The call from Bishop Silva inviting Father Diaz to become the diocesan vocations director was unexpected, he said, as he has not formally worked in a vocations ministry before.
“I asked him if I could pray over it,” he said, before accepting. Then he felt God was calling him to the job.
“After 25 years serving in different parishes, I think this is worth exploring in regards to my vocation as a priest.”
Didn’t plan on priesthood
Diaz was born to the late Melchor and Carmen Diaz in 1968 in Cagayan de Oro City on the southern Philippines island of Mindanao. He has one sibling, Sister Maria Carmela Diaz of the Carmelite Sisters of the Philippines.
After graduating from an all-boys Catholic high school in Tagum, he went to catch the bus one day to register for classes at his local university. But he missed that bus and knew the next one would arrive too late for him to enroll.
Because it was a hot day, Diaz decided to wander through the shaded grounds of the nearby Queen of Apostles College Seminary in Tagum, which he was familiar with as it neighbored his high school. There he came across a priest, then-Father Medil Sacay Aseo, who is now the Diocese of Tagum’s bishop. Father Aseo invited him to have some refreshments in the seminary cafeteria. After talking for a bit, the priest said he had to go and give a seminary entrance test to another young man.
“Maybe you want to take the test too?” Father Aseo asked Diaz.

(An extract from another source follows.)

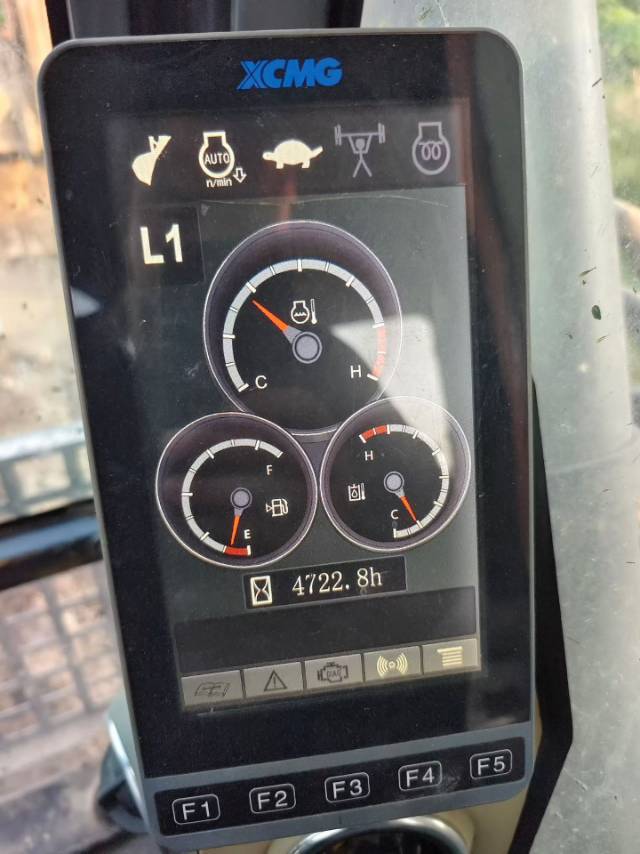 Buy XCMG XE370DK Used Excavator / 7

Diaz did, was accepted and enrolled thinking he’d pick up some college prerequisites at the seminary for the semester before transferring to a regular college. A semester became a year, and a year became four until he was graduating. Then he was among a small number of seminarians selected to do his theology studies at the Jesuit-run San Jose Major Seminary in Manila.
Father Diaz said it was around that time that he realized it wasn’t a coincidence that he made his way onto the seminary grounds that hot day.
“It was God leading me to this kind of life,” he said. “I see how God has always been there, even in the most challenging times of my life. I’ve seen his goodness.”
After Father Diaz was ordained a priest in 1994, he served in various parishes in his home Diocese of Tagum on Mindanao. Muslims make up 23 percent of the island’s population according to a 2015 census, and Father Diaz worked for several years on behalf of his diocese in interfaith relations with the Muslim community.
He says that in the Philippines, every parish actively promotes vocations, and he hopes to get Hawaii parishes more involved in the vocations process. Father Diaz also hopes to work more closely with the diocesan Office of Youth and Young Adult Ministry, planting vocations seeds among the younger generation.
Father Diaz says he knows that the current vocational climate is challenging right now in the wake of declining church attendance and the aftermath of the clerical sexual abuse crisis.
But, “with the grace of God I’m praying that there will be more vocations for the Diocese of Honolulu,” he said.
Anna Weaver is a parishioner at St. Anthony in Kailua, where Father Diaz is the departing parochial vicar.